WHAT TO DO: For this exercise, output exactly and only the lines running from the one with "61 Key Portable" through the final line of the data below, without pictures.

Caption-style text data
* * *

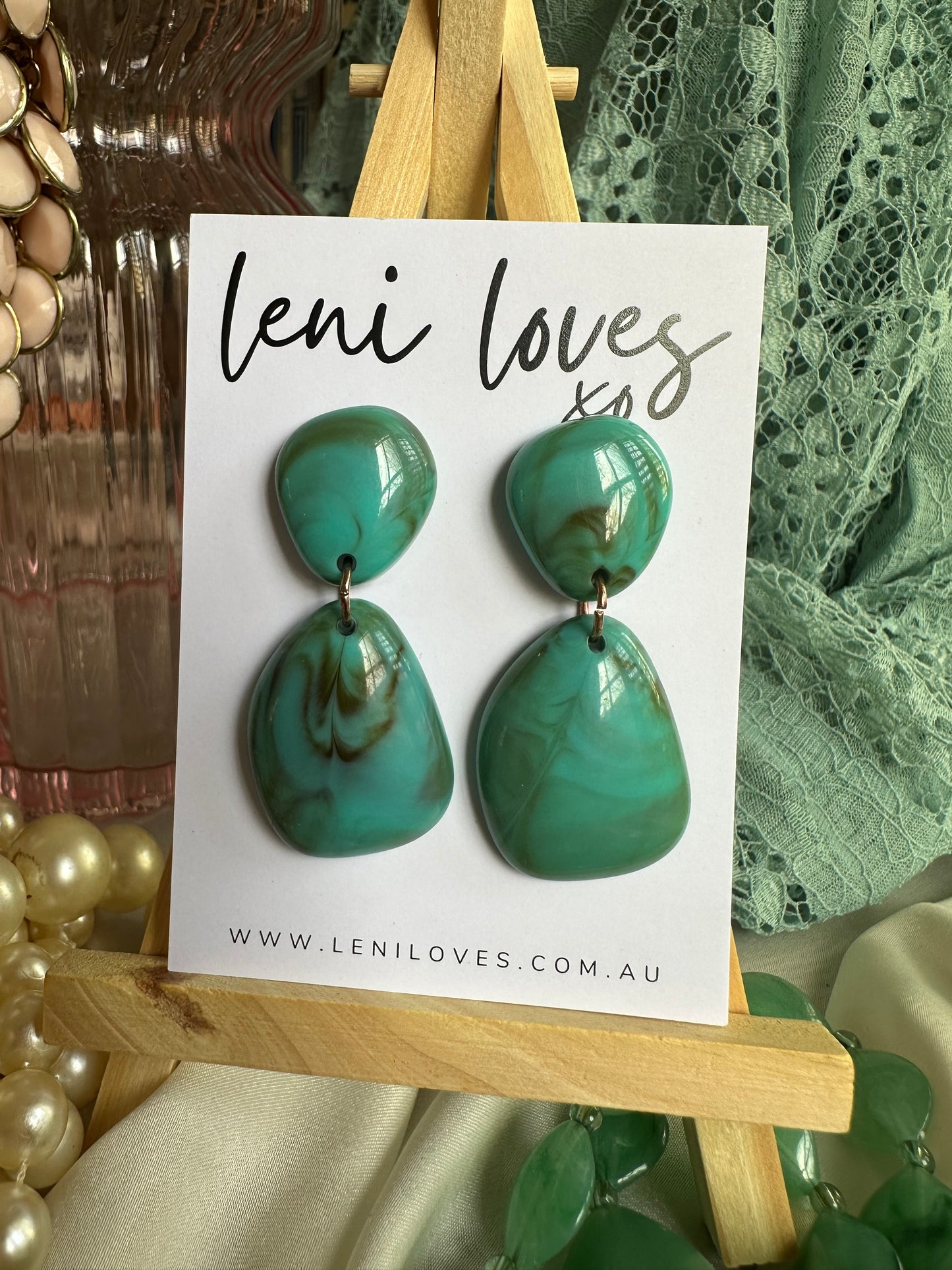 Faye Retro Dangle Earrings — Turquoise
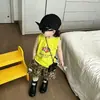 Conjunto de Colete para Meninos Verão 2026 Novo Desenho Dopamina Top Fino Bebê Super Legal Shorts Estilo Rua Tendência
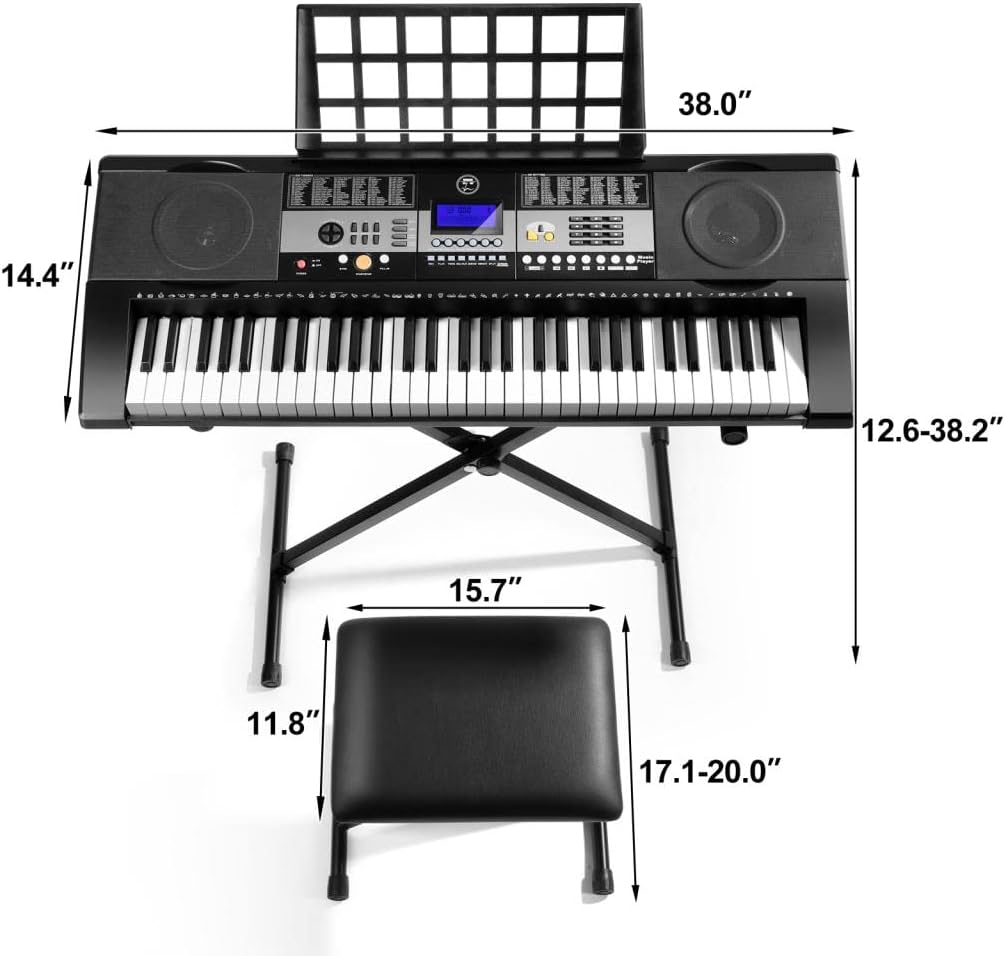 61 Key Portable Electronic Keyboard Piano with Stand and Stool F80320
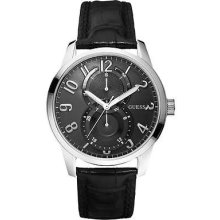 Guess Men's Black Leather Stainless Steel Chronograph Watch W95127g1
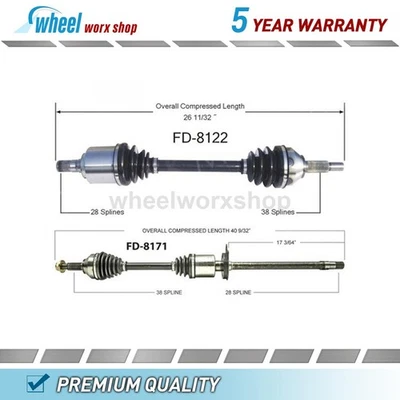 Front CV Axle Shaft CV Joint for Ford Five Hundred 3.0L FWD 2005 2006 2007 - Image 1 of 3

* * *

ANSWER SPACE:
 61 Key Portable Electronic Keyboard Piano with Stand and Stool F80320
 Guess Men's Black Leather Stainless Steel Chronograph Watch W95127g1
 Front CV Axle Shaft CV Joint for Ford Five Hundred 3.0L FWD 2005 2006 2007 - Image 1 of 3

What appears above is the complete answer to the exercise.